● Task prompt:
Apart from the pictures, reproduce the data below exactly as it stands.
------------------------------------
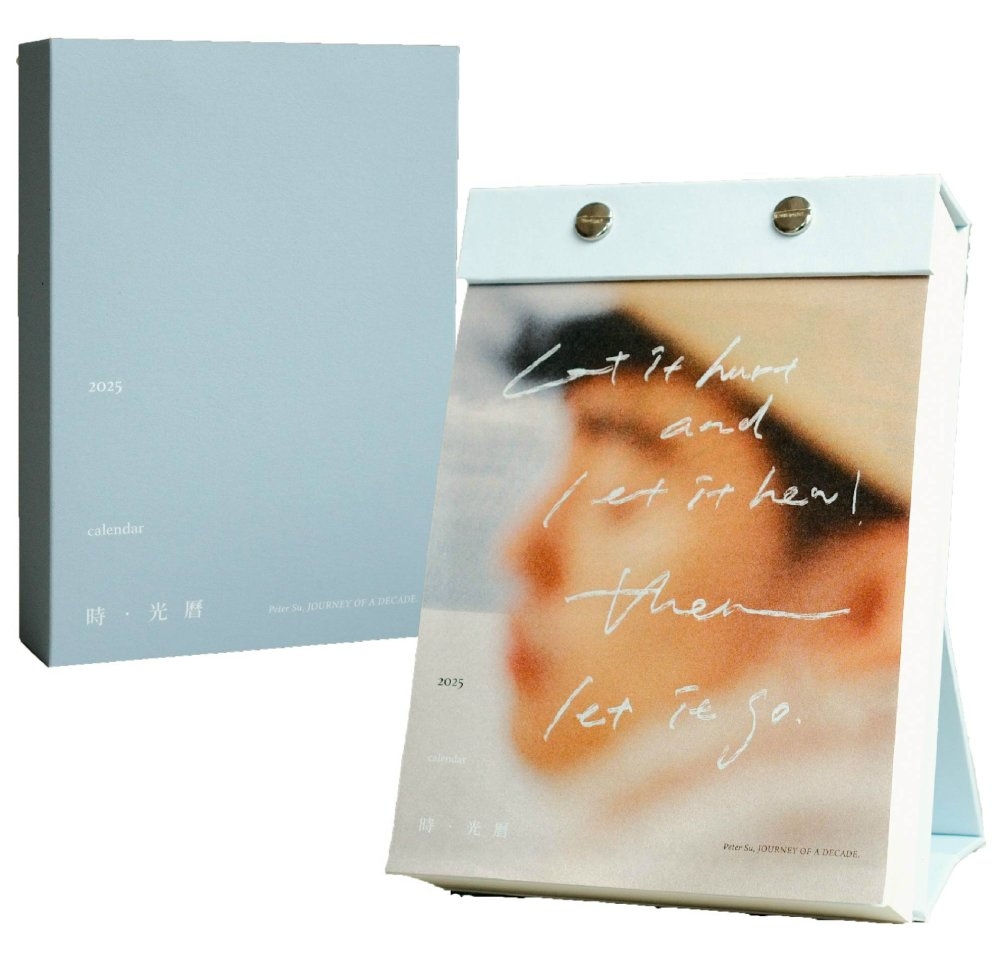 ebook 1729373515616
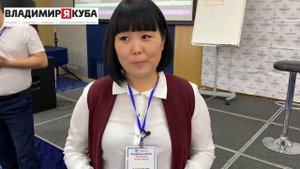 Александра Обучение и подбор персонала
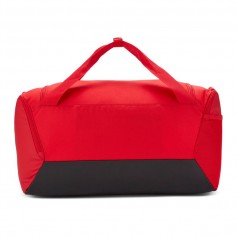 Nike Academy Team CU8097-657 Bag
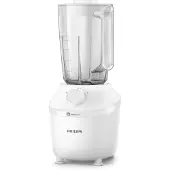 Philips 3000 series HR2041/00 Standmixer, Tischplatten-Mixer, 1,9 l, Pulsfunktion, Eis-Crusher, 0,85 m, 450 W
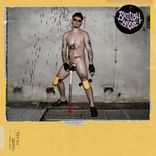 Artwork for "British Steel"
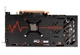 Видеокарта Sapphire Radeon RX 7600 PULSE (11324-01-20G) - изображение 6
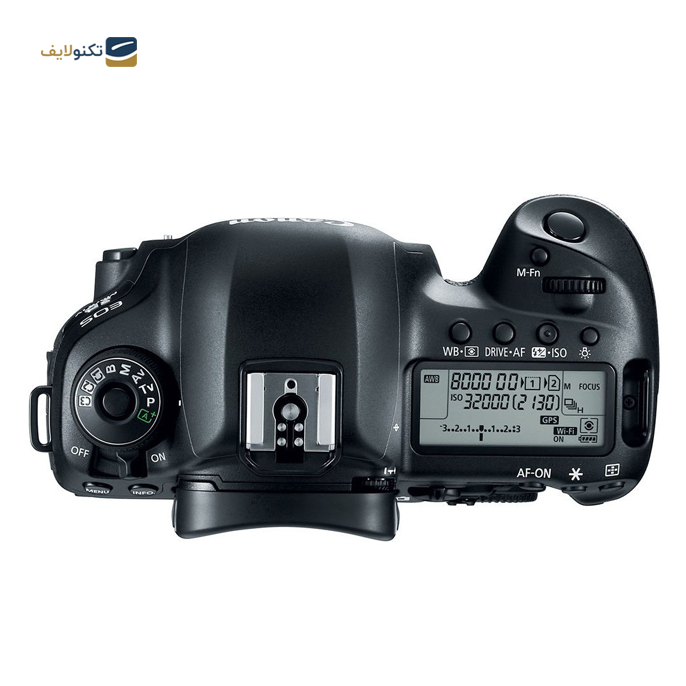 gallery-دوربین عکاسی کانن EOS 5D Mark IV -gallery-2-TLP-5465_81a26ec8-f31d-4609-bacf-095a1815757a.png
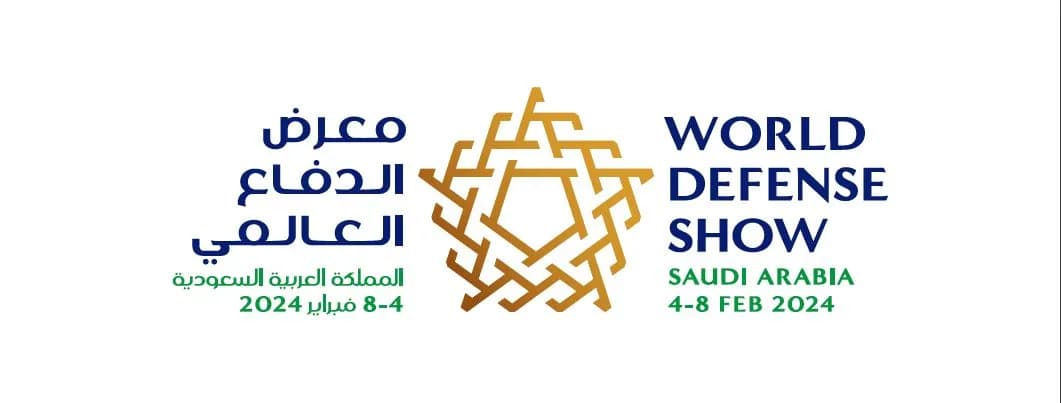 World defense show 2024_ssict_1061_403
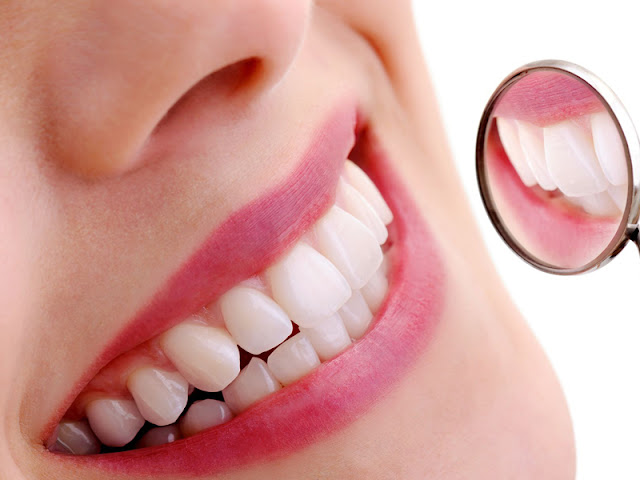 100% prirodna zubna pasta sa zeolitom be fluora zeozub renomiranog austrijskog proizvodjaca panaceo lepi zubi sredina teksta slika 1 poseta zubaru zdravi zubi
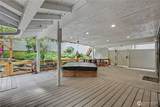 43434 149th Street - Photo 27
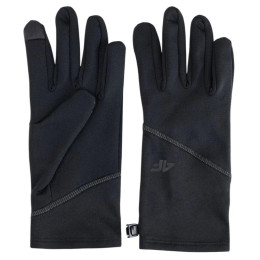 Guantes 4F Gloves Cas U129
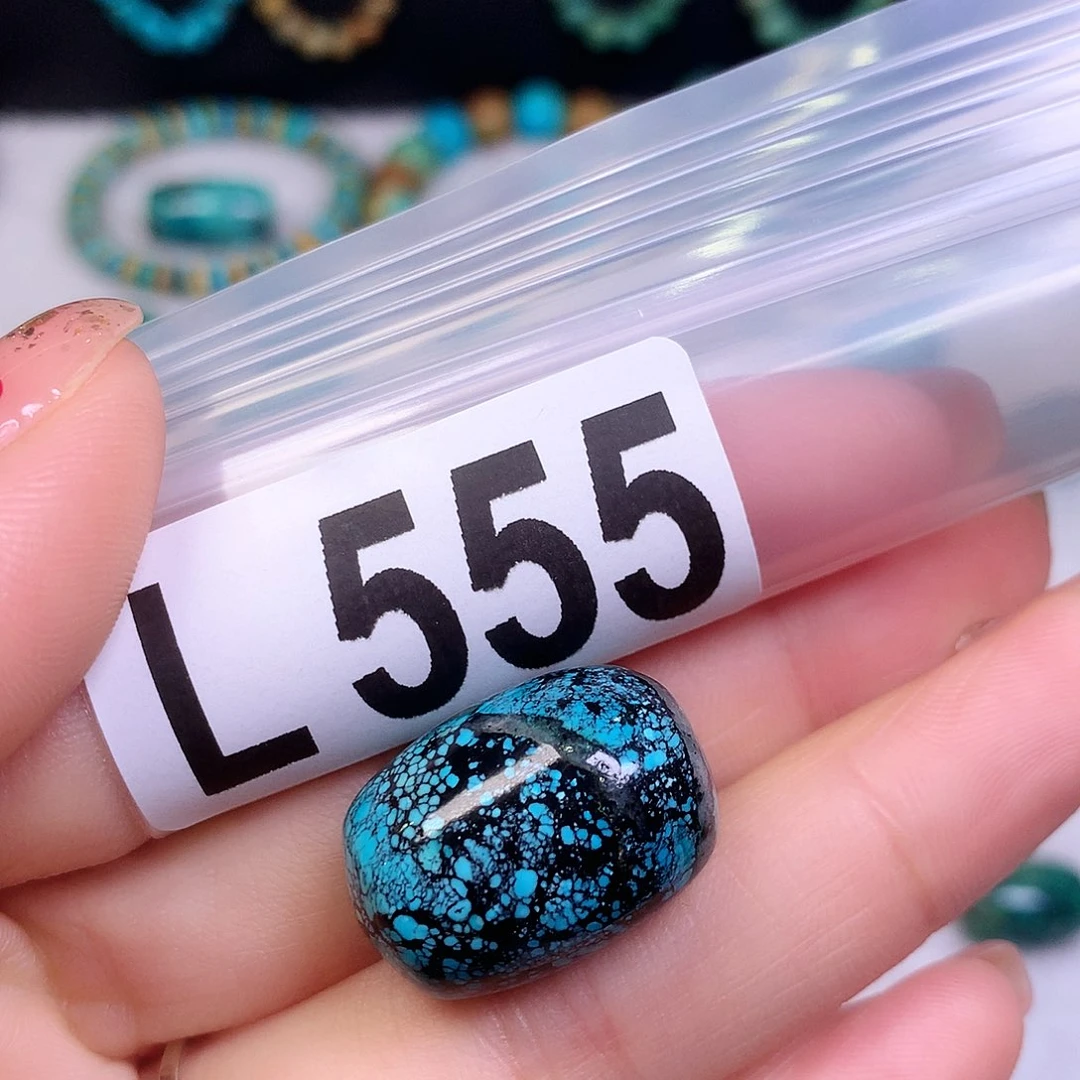 空竹粉丝专享十堰特色散珠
------------------------------------
● Solution to this task:
 ebook 1729373515616
 Александра Обучение и подбор персонала
 Nike Academy Team CU8097-657 Bag
 Philips 3000 series HR2041/00 Standmixer, Tischplatten-Mixer, 1,9 l, Pulsfunktion, Eis-Crusher, 0,85 m, 450 W
 Artwork for "British Steel"
 Видеокарта Sapphire Radeon RX 7600 PULSE (11324-01-20G) - изображение 6
 gallery-دوربین عکاسی کانن EOS 5D Mark IV -gallery-2-TLP-5465_81a26ec8-f31d-4609-bacf-095a1815757a.png
 World defense show 2024_ssict_1061_403
 100% prirodna zubna pasta sa zeolitom be fluora zeozub renomiranog austrijskog proizvodjaca panaceo lepi zubi sredina teksta slika 1 poseta zubaru zdravi zubi
 43434 149th Street - Photo 27
 Guantes 4F Gloves Cas U129
 空竹粉丝专享十堰特色散珠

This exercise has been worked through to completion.